Ближе всего узнать друг друга первый поэт и первый прозаик эмиграции смогли в 1947-1948 гг., когда почти на три месяца они оказались соседями в «Русском доме» («Maison russe») на Средиземноморском побережье Франции, в местечке Жуан-ле-Пен (Juan-les-Pins). Отношения сложились внешне «приветливые», как определяет их в одном из писем В.Н. Бунина, хотя глубинные противоречия, и человеческие и эстетические, оставались. Например, в своем дневнике супруга Бунина пишет: «Сегодня мы оба сидели у Ивановых. Ирина сделала мне маникюр. Мы вчетвером очень мирно беседовали и о Бенедиктове, и о Пушкине, и о Лермонтове и почти не спорили. Восхищались “Путешествием в Эрзерум”, “Таманью”. Иванов выше ставит Пушкина как прозаика. Рассказал, что Пушкин в одной своей рецензии отметил Иванова и Сидорова, а о Тютчеве ничего не написал... Баратынского он тоже не очень почитает, но мы не спорили» [37]. Данная запись свидетельствует о поиске точек соприкосновения двух по сути одиноких и уже немолодых пар, вынужденных общаться внутри весьма замкнутого сообщества. Но вот другие характеристики Иванова из дневника Буниной, показывающей, что полного приятия все же не было: «Иванов - человек злой и не так умен, как кажется, да и пьет, денег нет - злится, печень играет. <...> Сейчас Ян сказал про Иванова: “Я не встречал никогда такого самомнения”» [Там же]. Скорее всего, многое в этих словах Веры Николаевны соответствует мнению ее мужа.
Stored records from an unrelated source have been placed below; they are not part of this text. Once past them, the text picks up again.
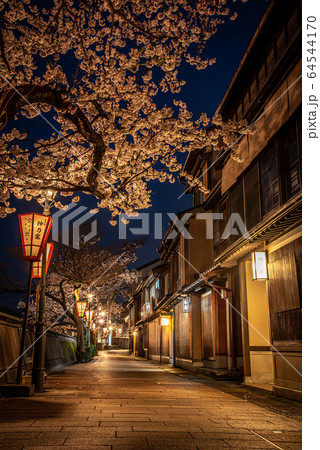 金沢・主計町茶屋街の夜桜 金沢・主計町茶屋街の夜桜 64544170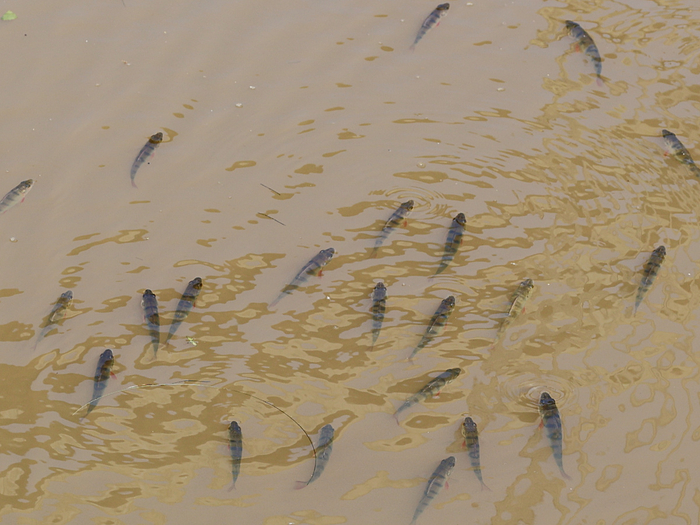       ,      ,   .         .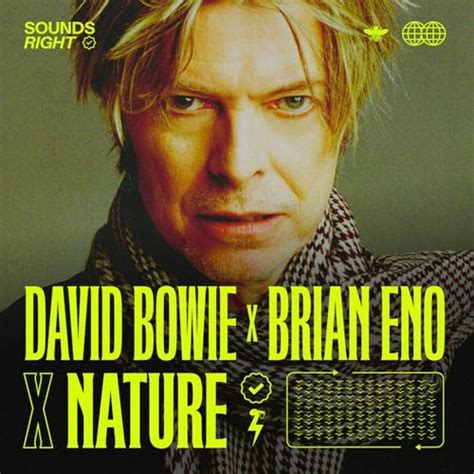 Get Real Sounds Right Mix Feat NATURE By David Bowie Brian Eno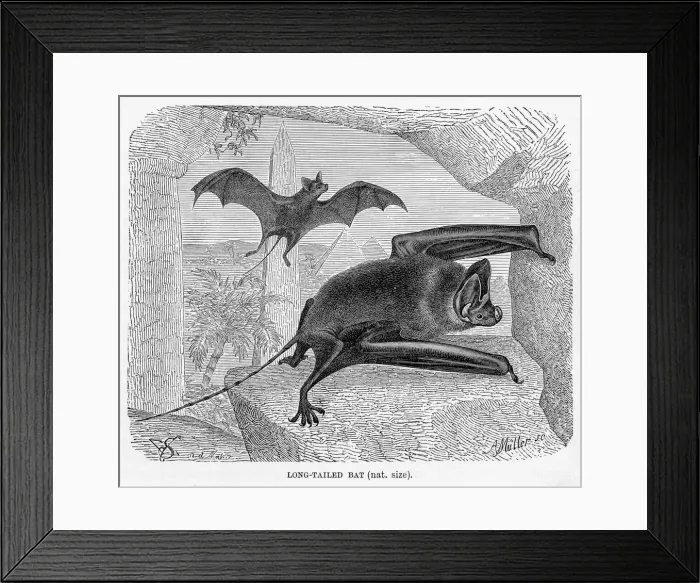 Framed Print : Long tailed bat engraving 1894 Framed Print : Long tailed bat engraving 1894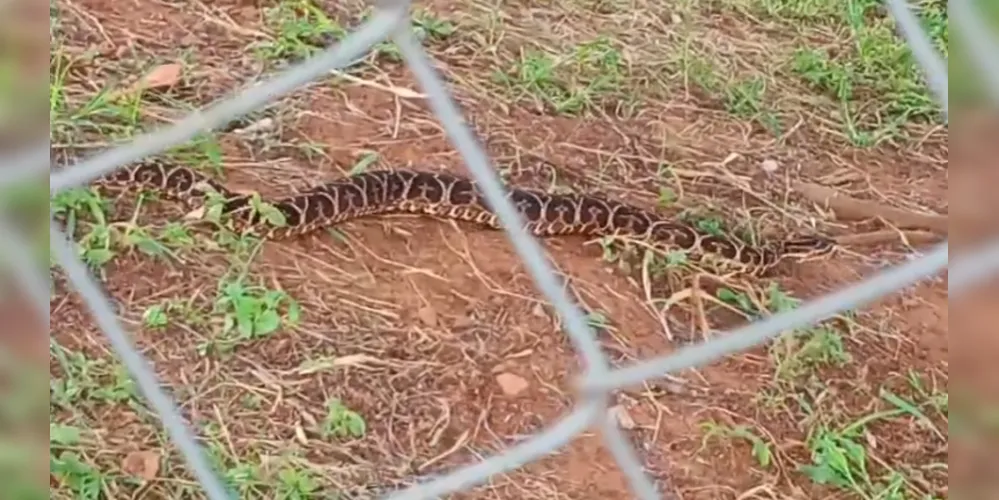 A cobra urutu-cruzeiro é muito venenosa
Сам Бунин скорее снисходительно, чем сочувственно, отзывался об Иванове во время их соседства по «Русскому дому», принимая во внимание его положение разорившегося человека, находящегося в депрессии: «Жорж мил и уныл, - пишет он 16 января 1948 г. Г.В. Адамовичу, - бедность, даже на спирт нету, говорит» [5. C. 73]. Из мемуаров Ирины Одоевцевой складывается впечатление, что ее муж часто избегал общения со знаменитым соседом. Когда нобелевский лауреат в плохом настроении приходил в их комнату «жаловаться и брюзжать <. > Георгий Иванов не выдерживал и часто, ссылаясь на то, что ему надо купить папиросы или отослать письмо, покидал нас» [38. C. 695]. Подобные же выводы можно сделать и из лаконичных дневниковых записей Веры Николаевны: «Сегодня вечером сидели у нас. Иванов рано ушел» (12 марта 1948 г.) [37]. Да и самому стареющему и больному писателю общество внимательной слушательницы Одоевцевой было, очевидно, приятнее, чем литературные споры с ее мужем.

Тесное личное общение не вносит существенных корректив в художественные взгляды двух творческих личностей. Иванов вполне искренне называет Бунина в письме 1947 г. «славой русской литературы», но он и ранее восхищался его прозой [6. C. 171]. К стихам же нобелевского лауреата отношение автора «Роз» не меняется. Одоевцева вспоминает, что жена Бунина однажды попросила Иванова пойти к ним в комнату и для поднятия настроения сказать несколько лестных слов о его поэзии: «Но похвалить стихи Бунина, несмотря на то, что он всегда всячески старается угодить Вере Николаевне, Георгий Иванов не обещает» [38. C. 686]. Во многом эта позиция была связана не только с собственной лирикой Бунина, но и с тем, что тот не принимал поэзию Блока, которым восхищались и старшее и среднее поколения поэтов-эмигрантов. Творчество поэта- младосимволиста было квинтэссенцией всего поэтического для Иванова, а Бунин так никогда его и не признал. Эту позицию «почетного академика» Иванов считал свидетельством его глухоты к поэзии как таковой, о чем написал в статье о Блоке и Гумилеве в 1949 г. Текст статьи, первоначально опубликованный в «Возрождении», затем вошел во 2-е издание «Петербургских зим»: «С тем, что Блок одно из поразительнейших явлений русской поэзии за все время ее существования, уж никто не спорит, а те, кто спорят, не в счет. Для них, по выражению Зинаиды Гиппиус, “дверь поэзии закрыта навсегда”» [39. С. 163]. Имя Бунина, как мы видим, не упоминается в этом отрывке, но он принял упрек на свой счет и снова обиделся на «первого поэта эмиграции». Свое огорчение он выразил в письме к Адамовичу: «Пишу, находясь в большой грусти. Прочел в последней “тетради” “Возрождения” несколько ужасных для меня строк поэта Георгия Иванова. <...> Иванов и Гиппиус навсегда закрыли дверь поэзии для меня, несчастного спорщика. И еще так говорит поэт Иванов: “С появлением символистов унылый огород реалистической литературы вдруг расцвел, как какой- то фантастический сад.”. Тут опять я оказался в дураках.» [5. С. 93].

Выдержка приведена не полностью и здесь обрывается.